━━━ Data records

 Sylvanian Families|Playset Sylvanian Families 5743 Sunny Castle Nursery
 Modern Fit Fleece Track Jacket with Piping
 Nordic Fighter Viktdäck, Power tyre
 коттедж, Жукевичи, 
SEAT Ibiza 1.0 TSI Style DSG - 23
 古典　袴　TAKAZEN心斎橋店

━━━━━━
━━━ Data records

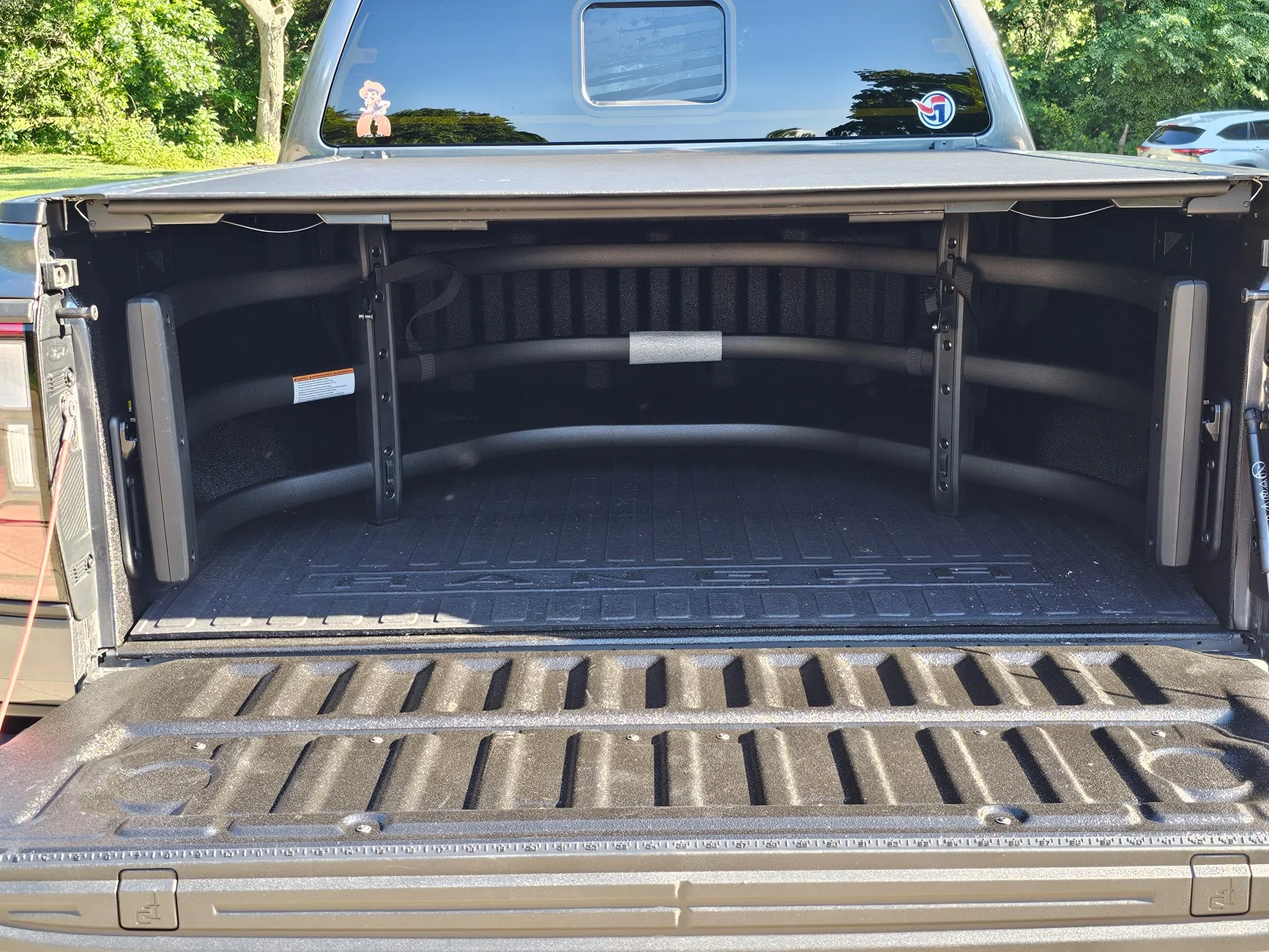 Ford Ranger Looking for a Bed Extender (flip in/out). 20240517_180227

━━━━━━

> [Your assignment]
Within the material above, copy exactly the lines from the line that holds "Sylvanian Families|Playset Sylvanian" up to and including the line that holds "古典　袴　TAKAZEN心斎橋店".

> [Result below]
 Sylvanian Families|Playset Sylvanian Families 5743 Sunny Castle Nursery
 Modern Fit Fleece Track Jacket with Piping
 Nordic Fighter Viktdäck, Power tyre
 коттедж, Жукевичи, 
SEAT Ibiza 1.0 TSI Style DSG - 23
 古典　袴　TAKAZEN心斎橋店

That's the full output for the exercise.